История, рассказанная им за чашкой чая, сильно походила на главу из ловко скроенного романа, низменного и драматичного. Особое очарование придавало повествованию место и время действия – дворец ночью. Описание отличалось удивительной выразительностью, это нечеловеческое сопротивление – корчащееся тело, с которым не могли совладать ни яд, ни пуля; оно, спотыкаясь, поднималось на ноги, словно было бессмертным. Мы не можем судить тех, кто ради блага своей страны нарушил законы, божественные и человеческие. Предстать лицом к лицу с таким ужасом, не значит ли это искупить вину? Не наше право решать. Палеолог не передал мне слов, приписываемых Распутину, слов, которые всем, и суеверным, и скептикам, показались дурным знаком: «Мой конец будет концом династии». И пожалуй, самой невероятной и жуткой из всех историй, окружавших жизнь и смерть Распутина, была одна, о которой рассказывали шепотом. Тело, брошенное в реку с крепко связанными руками, было найдено спустя несколько дней, причем правая рука лежала на левом плече, словно мертвец осенял себя крестом.
Последующие сообщения подтверждают, насколько верной была информация Палеолога. А мое ощущение, что все описанное было «как в книге», происходило от его исключительного дара рассказчика и редко встречающегося воображения автора. Эти качества я особенно в нем ценила. Палеолог был большим поклонником театра; он утверждал, будто его встречи со мной и беседы о театре позволяют ему отвлечься от политики и получить заслуженный отдых. Далекие от светской болтовни и пересудов, эти беседы выходили за пределы технических дискуссий балетоманов. Он пытался найти определение той степени виртуозности, когда тело словно освобождается от всех уз и начинает жить по собственным законам. Он придумал и предложил мне следующую фразу: «Se faire un corps glorieux». («Сделать тело победителем») Палеолог дружил с Александром Бенуа и любил бывать у него по воскресеньям, когда художник собирал у себя друзей пообщаться и порисовать с натуры.

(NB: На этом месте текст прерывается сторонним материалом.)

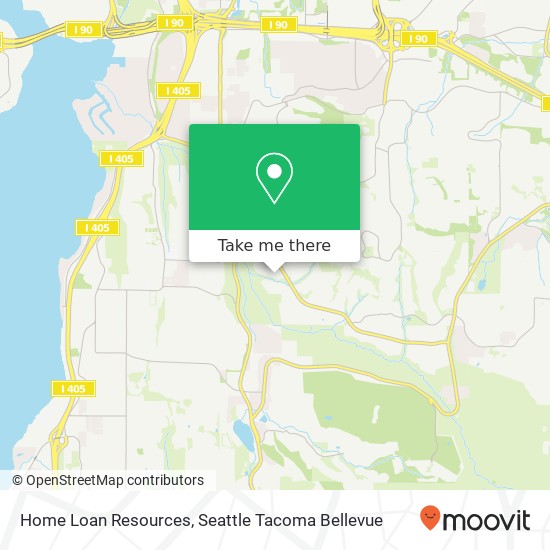Home Loan Resources map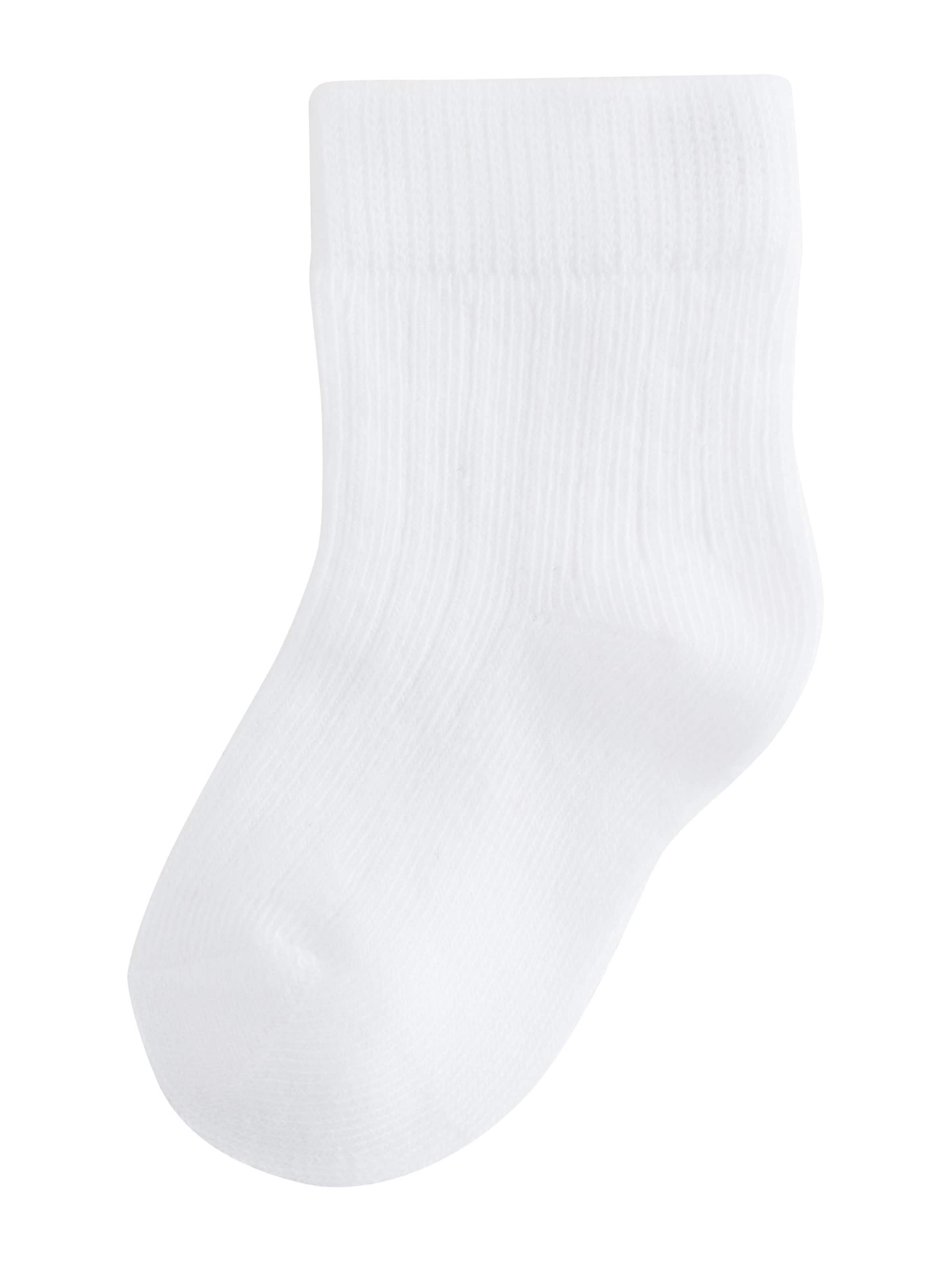 Șosete de la Next pe alb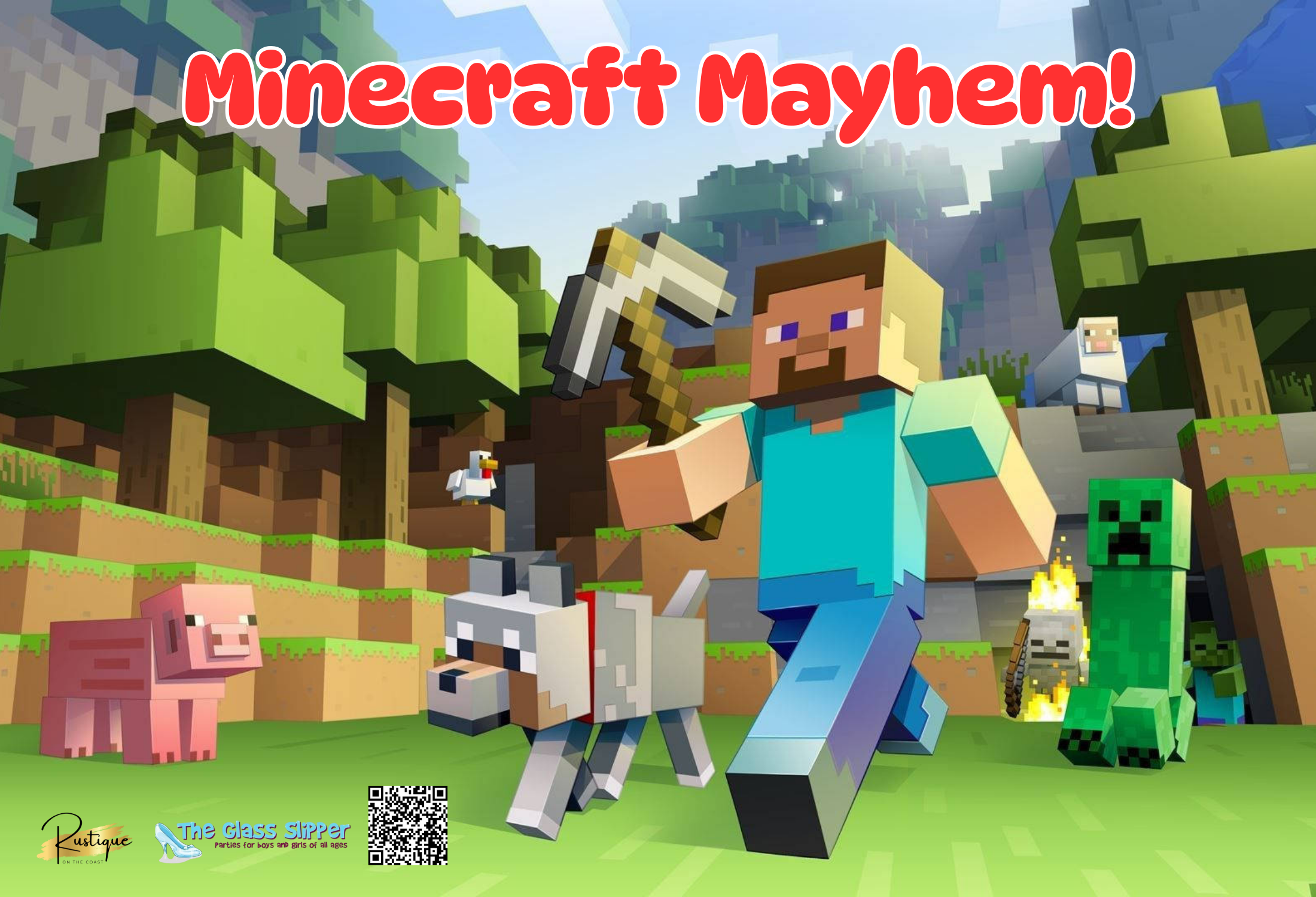 Minecraft Mayhem! 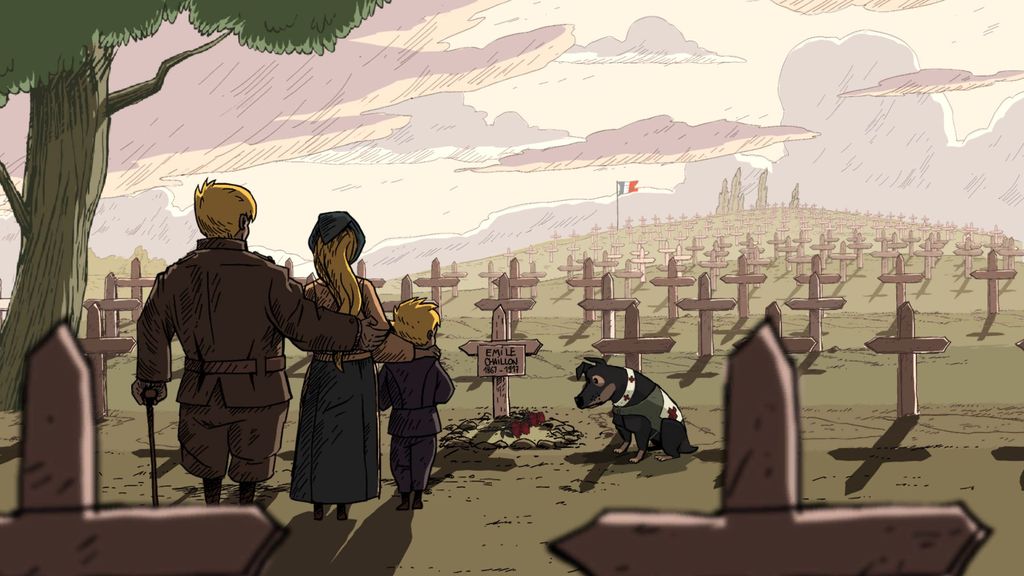 Valiant hearts the great war как вылечить карла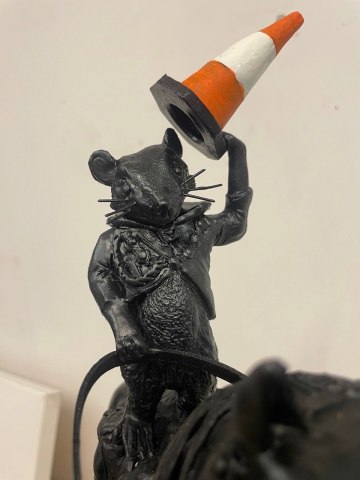 The Rebel Bear, Tip of the Cone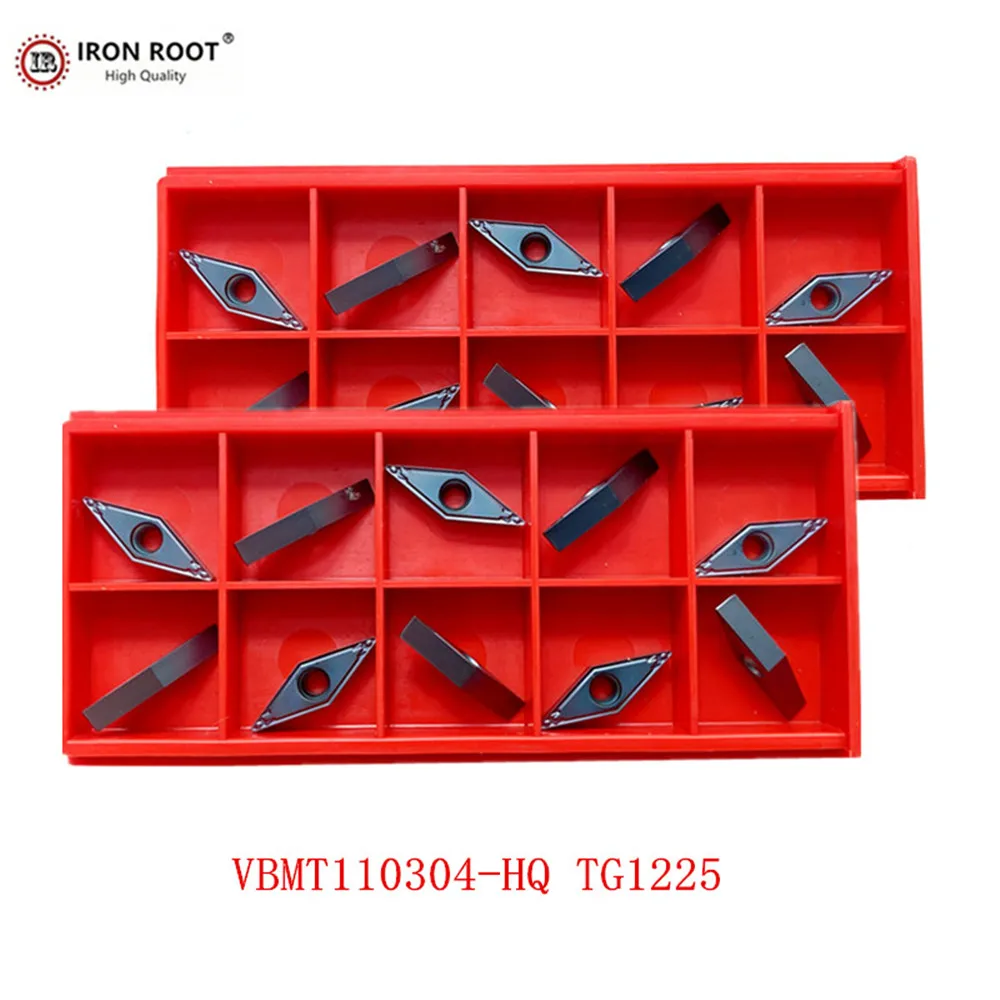 10P VBMT110304-HQ / VBMT160404-MV TG1225 series металлический токарный режущий инструмент ЧПУ токарная карбидная вставка для P.M.K
10P VBMT110304-HQ / VBMT160404-MV TG1225 series металлический токарный режущий инструмент ЧПУ токарная карбидная вставка для P.M.K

В те безрадостные дни Палеолог вносил в нашу жизнь луч солнечного света. На своих вечерах он не только великолепно угощал, не только тщательно продумывал состав гостей, но, насколько позволяли условия посольства, пытался изыскать возможности и каждый раз по-новому оформить прием. Однажды мы ужинали в бальном зале, созерцая прекрасные шпалеры; в другой раз ужин был назначен на более ранний час, стол передвинули к огромному окну, чтобы полюбоваться закатом солнца над Невой. Это был очаровательный вечер, хотя солнце и подвело. Шаляпин, выступавший накануне в концерте, отказался петь, но, несмотря на это, внимание всех присутствующих, как всегда, было приковано к нему. В роли души общества ему не было равных. Палеолог рассказал мне, какое глубокое впечатление произвело накануне вечером исполнение Шаляпиным «Марсельезы» – «La patrie, la patrie cherie» («Родина», любимая родина»)… Всех душили слезы.